We were lucky, but we were also determined." Roy Blount Jr
"I don’t change the facts to enhance the drama. I think of it the other way round, the drama has got to fit the facts,
and it’s your job as a writer to find the shape in real life." Hilary Mantel
Tuesday, December 07, 2010
The Traveller's Update
I'm no longer in London. On the day of our departure, I believe Heathrow was the only airport open in Britain, due to the massive amounts of snow piling up. We felt fortunate that our flight was unaffected, and also felt a bit as though we were deserting a country under siege! London was scarcely inconvenienced, only a bit of snow on the ground on our last day there. Flying over the rest of the country, and Ireland, it was a beautifully wintry landscape--unless you needed to get about by car, van, truck, rail, or plane other than one leaving Heathrow!

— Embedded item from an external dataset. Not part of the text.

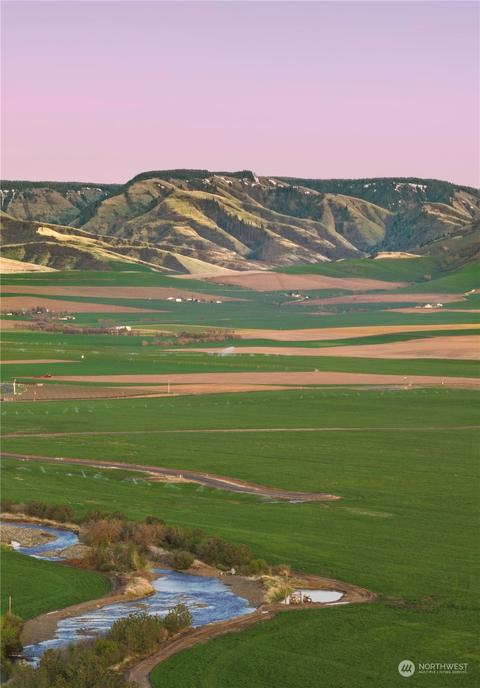 0 Healey Dr, Walla Walla, WA 99362 photo 7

Playing catch-up with the blog will be a bit of a challenge but I shall make the attempt.
Almost every evening, whether staying in Mayfair or in Bloomsbury, we returned to my favourite pub, a couple of blocks off Piccadilly. One night we dined there.
We spent a Sunday doing the art galleries--the National Portrait Gallery, where we toured the special exhibition on Sir Thomas Lawrence and the Taylor Wessing Photographic Prize, which was inspiring as always. From there we went next door to the National Gallery. I'd already been the previous week, with the honeymooners, but didn't see the full collection. The Chap and I separated to pursue our separate interests--and I did some shopping. My new mobile phone came in handy, enabling me to locate him when I was finished and needed to arrange a meeting point!

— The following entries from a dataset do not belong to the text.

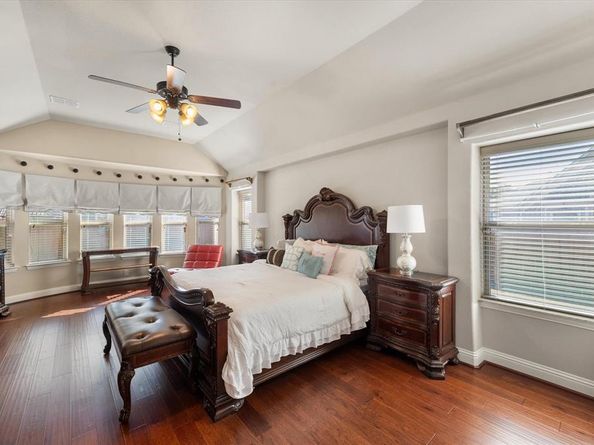 7408  Brisa Court , Grand Prairie Texas 75054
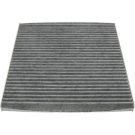 Corteco Filter, Innenraumluft 80000780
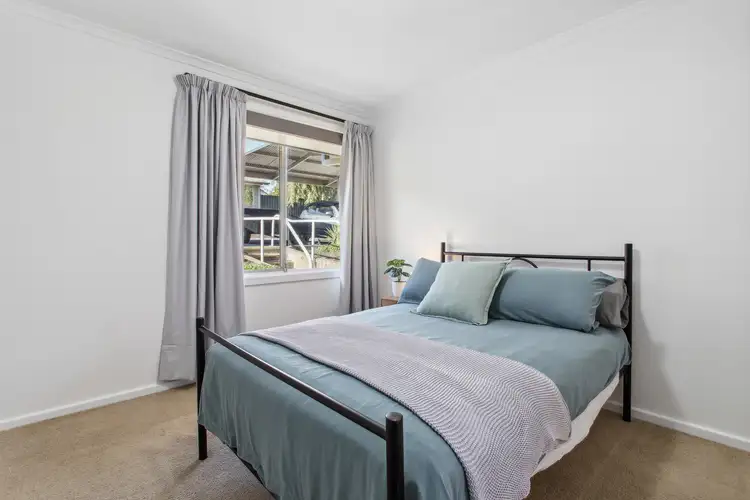 Third view of Homely unit listing, 13/4 Beovich Road, Ingle Farm SA 5098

We were in a rush to get back to our Bloomsbury hotel before the scheduled 24-hour Underground strike began at 6 p.m. We succeeded in that, and trotted over to a favourite local Indian restaurant for dinner.
Monday took me back to Covent Garden. With the Tube strike still on, we debated taking a taxi or walking, and settled on the taxi. We got as far as the British Museum when we hit an incredible bottleneck of traffic which showed no sign of abating. So we ditched the cab--our cabbie didn't mind, in fact he suggested it!--and went the rest of the way on foot.
This was a second visit to that area, I'd previously gone in search of dwellings of characters in my novels. The most significant character lived in rooms in the topmost floor of the building that had been, earlier in the 18th Century, Button's Coffee House. To my considerable amusement, the site is now--quite appropriately--a Starbucks!
I lunched with a friend at the Covent Garden Hotel, our usual meet-up spot. Then I walked to the British Museum to meet the Chap. I rang him and learnt he was admiring the clock collection. So I did also. This one, with the milkmaid milking, is so sweet!
This one belonged to King William III, a character in my novel.
We returned to our neighbourhood and had dinner at The Balfour, which sounds as if it's would serve British fare but fact is a fantastic longstanding Italian restaurant.
The next day I went to a friend's house in Chelsea. After a cuppa and a chat, we had lunch at Bibendum, and I toddled off--through the snow flurries--to the Victoria & Albert Museum. Among the wonders I re-visited were:
Actor David Garrick's bed.
An 18th century silk court dress.
18th century jewels.
An atrium of statuary.
William III & Queen Mary.
The silver spirits flask belonging to the duke in my previous novel, engraved with his coat of arms.
While we were away, Old England was far colder and whiter than New England. But the bitter cold is finding it's way to us, although so far the snow has come in the form of flurries rather than flakes.
It has been an extremely busy time since our return. I've finally managed to sort through my extensive photo archive from the trip--so little of which has appeared here, and I have plans for sharing more of it.
Ruth & Jewel had their usual pleasant time at their kennel but are happy to be home.
We completed our Christmas decorating very swiftly and thoroughly, cutting a tree and decorating it and the rest of the Lodge. Most of the gifts are purchased and some are wrapped already. I've attended Handel's Messiah, an annual traditional start to the holiday season, and remebered that I stood gazing upon the firs draft of it at the British Library only days before!
The birds are busy at our feeders, but yesterday a kestrel came by and today a different hawk, hoping to snatch up the unwary!
Hope you are enjoying December so far!